# REQUIRED ACTION:
Count every line in the entries below that contains the word "Shirt", and give only that number.

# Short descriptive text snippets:
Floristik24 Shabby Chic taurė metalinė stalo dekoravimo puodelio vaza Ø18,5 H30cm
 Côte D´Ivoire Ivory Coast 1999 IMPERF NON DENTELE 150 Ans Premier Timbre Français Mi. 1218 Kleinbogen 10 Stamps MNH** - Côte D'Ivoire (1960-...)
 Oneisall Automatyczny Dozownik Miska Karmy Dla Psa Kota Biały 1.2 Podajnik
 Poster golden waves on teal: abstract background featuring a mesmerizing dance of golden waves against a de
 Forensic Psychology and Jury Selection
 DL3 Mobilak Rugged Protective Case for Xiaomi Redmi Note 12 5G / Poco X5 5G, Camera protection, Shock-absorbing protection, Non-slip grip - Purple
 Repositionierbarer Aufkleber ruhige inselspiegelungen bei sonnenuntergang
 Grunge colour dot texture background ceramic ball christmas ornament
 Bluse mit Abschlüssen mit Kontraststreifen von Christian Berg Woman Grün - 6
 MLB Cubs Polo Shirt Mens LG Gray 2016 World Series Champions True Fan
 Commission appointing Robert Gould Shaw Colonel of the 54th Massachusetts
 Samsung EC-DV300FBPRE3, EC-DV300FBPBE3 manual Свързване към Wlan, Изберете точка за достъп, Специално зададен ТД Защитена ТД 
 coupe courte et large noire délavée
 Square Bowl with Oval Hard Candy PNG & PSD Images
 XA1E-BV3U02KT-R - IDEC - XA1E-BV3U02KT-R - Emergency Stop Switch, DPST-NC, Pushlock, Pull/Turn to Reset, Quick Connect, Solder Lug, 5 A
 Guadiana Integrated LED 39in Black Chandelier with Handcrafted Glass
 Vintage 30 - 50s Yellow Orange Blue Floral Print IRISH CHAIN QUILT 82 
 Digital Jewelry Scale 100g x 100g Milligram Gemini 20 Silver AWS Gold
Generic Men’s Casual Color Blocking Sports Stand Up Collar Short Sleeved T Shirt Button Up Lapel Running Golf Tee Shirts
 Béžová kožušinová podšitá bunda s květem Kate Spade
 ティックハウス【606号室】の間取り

# RESULT:
2